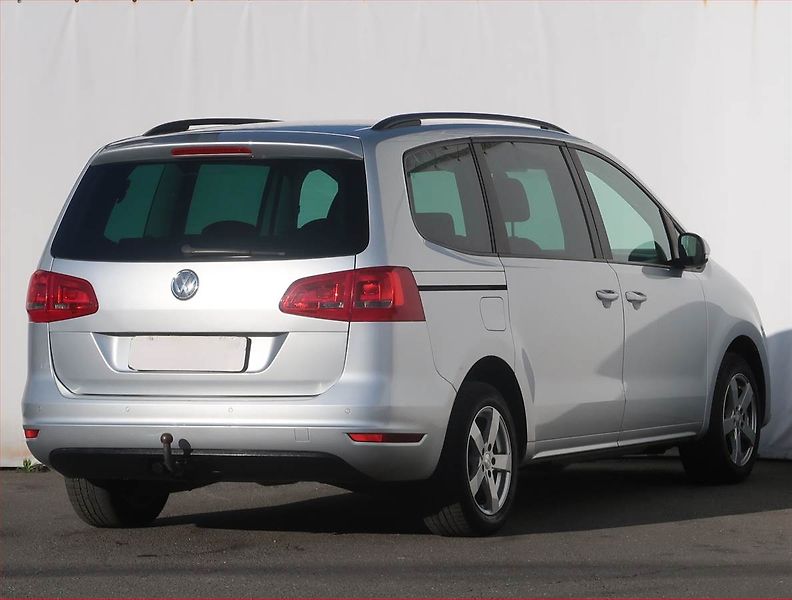 Volkswagen Sharan (2012) 2.0 TDI, 7 míst, Serv.kniha - fotka 5 z 18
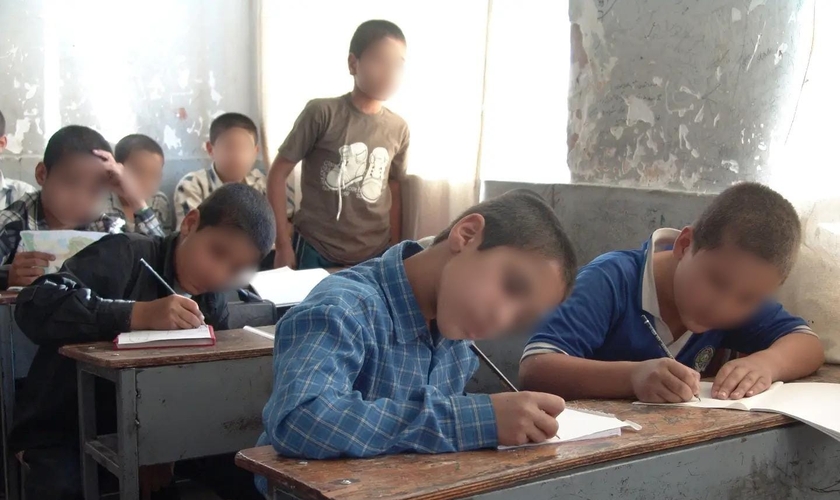 Crianças iranianas na escola. (Foto: Portas Abertas)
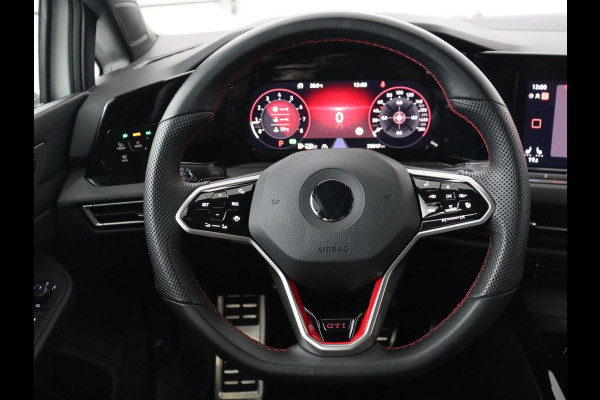 Volkswagen Golf 2.0 TSI GTI Clubsport | 300pk | Stoel & stuurverwarming | Carplay | Sfeerverlichting | LED Plus | Sportstoelen | Parkeerhulp | Digital Cockpit | Climate control Volkswagen Golf 2.0 TSI GTI Clubsport | 300pk | Stoel & stuurverwarming | Carplay | Sfeerverlichting | LED Plus | Sportstoelen | Parkeerhulp | Digital Cockpit | Climate control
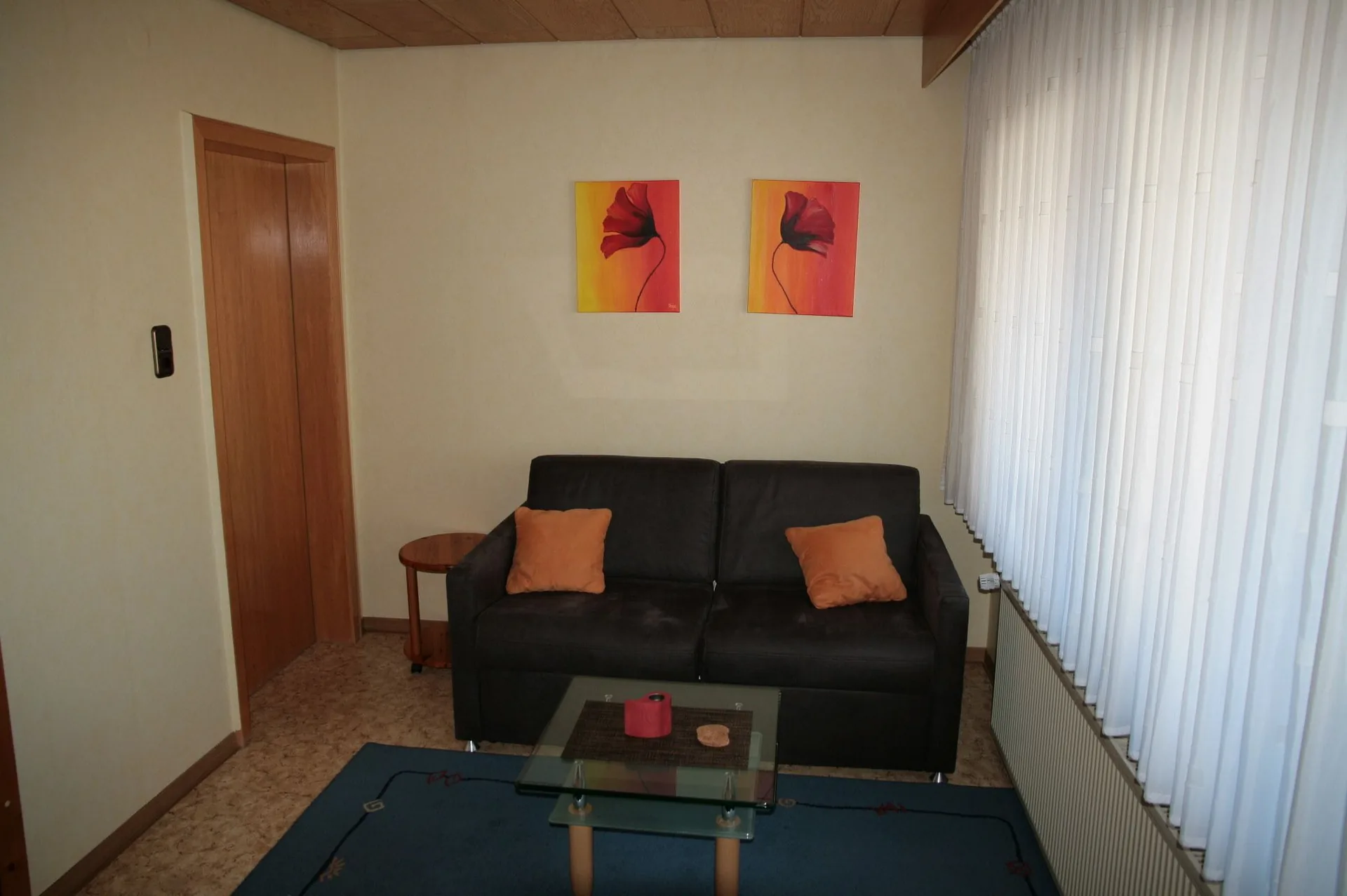 Gemütliche Couch im Wohnbereich – Ferienwohnung Kunze Variante 1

━━━━━━━━

## [YOUR ASSIGNMENT]
Return the full listing exactly as written, without any of its images.

## [ANSWER SECTION]
 Volkswagen Sharan (2012) 2.0 TDI, 7 míst, Serv.kniha - fotka 5 z 18
 Crianças iranianas na escola. (Foto: Portas Abertas)
 Volkswagen Golf 2.0 TSI GTI Clubsport | 300pk | Stoel & stuurverwarming | Carplay | Sfeerverlichting | LED Plus | Sportstoelen | Parkeerhulp | Digital Cockpit | Climate control Volkswagen Golf 2.0 TSI GTI Clubsport | 300pk | Stoel & stuurverwarming | Carplay | Sfeerverlichting | LED Plus | Sportstoelen | Parkeerhulp | Digital Cockpit | Climate control
 Gemütliche Couch im Wohnbereich – Ferienwohnung Kunze Variante 1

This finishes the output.